Mas isso não acontece e o deserto de propostas portuguesas nos dois concursos do Novo Banco deviam fazer-nos pensar um pouco. Provavelmente não querem arriscar o seu próprio dinheiro mas têm ideias bem definidas sobre o dinheiro dos outros, sejam eles os candidatos à compra ou os contribuintes portugueses. Assim também eu, podemos pensar.

Há outra coisa altamente perturbadora em todo o debate público que já está a ocorrer. Ainda não vi divulgada uma avaliação global do Novo Banco. Tudo pesado, entre activos, passivos e potencial futuro de negócio e de libertação de fundos, quanto vale a instituição? Há métodos relativamente objectivos para se fazerem estas contas quando uma entidade não está cotada em bolsa e, por isso, não tem o seu preço formado constantemente no mercado. Com esse valor em cima da mesa poderíamos formar uma ideia mais esclarecida sobre as propostas que estão a ser feitas. Mas nada disto é feito.

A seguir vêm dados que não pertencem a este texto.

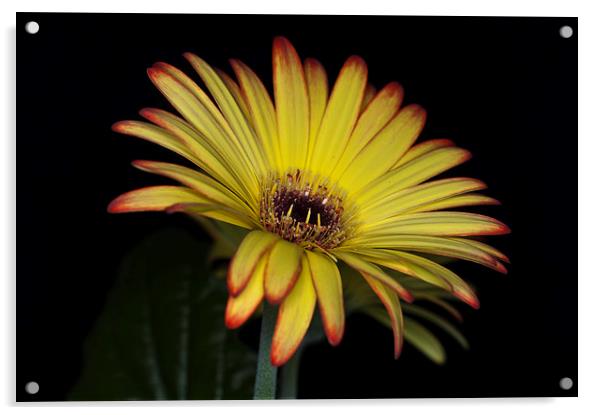 Yellow And Orange Gerbera 1 Acrylic by Steve Purnell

Se o Novo Banco for vendido agora sabemos com clareza qual é o impacto nas contas públicas e qual é o máximo que podemos perder. O risco fica, em grande parte, no sistema bancário que detém o Fundo de Resolução. O Estado não deve dar qualquer garantia aos compradores e essa oposição do ministro das Finanças é a atitude correcta.

Mas faz algum sentido que quem quer evitar mais esse encargo potencial para o Estado possa estar, ao mesmo tempo, disponível para aceitar ficar já com o risco todo?

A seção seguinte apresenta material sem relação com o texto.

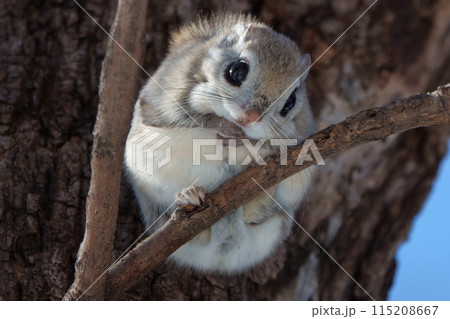 北海道の公園で枝に座るエゾモモンガ 115208667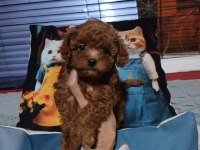 Toy poodle yavrularımız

A nacionalização será uma aventura – mais uma – em que o risco é assumido integralmente pelos mesmos de sempre: os tansos fiscais, como lhes chamava Leonardo Ferraz de Carvalho, vulgarmente conhecidos como contribuintes. Depois, será o que Deus quiser. E Deus, como sabemos por experiência própria, não quer nada com os contribuintes portugueses.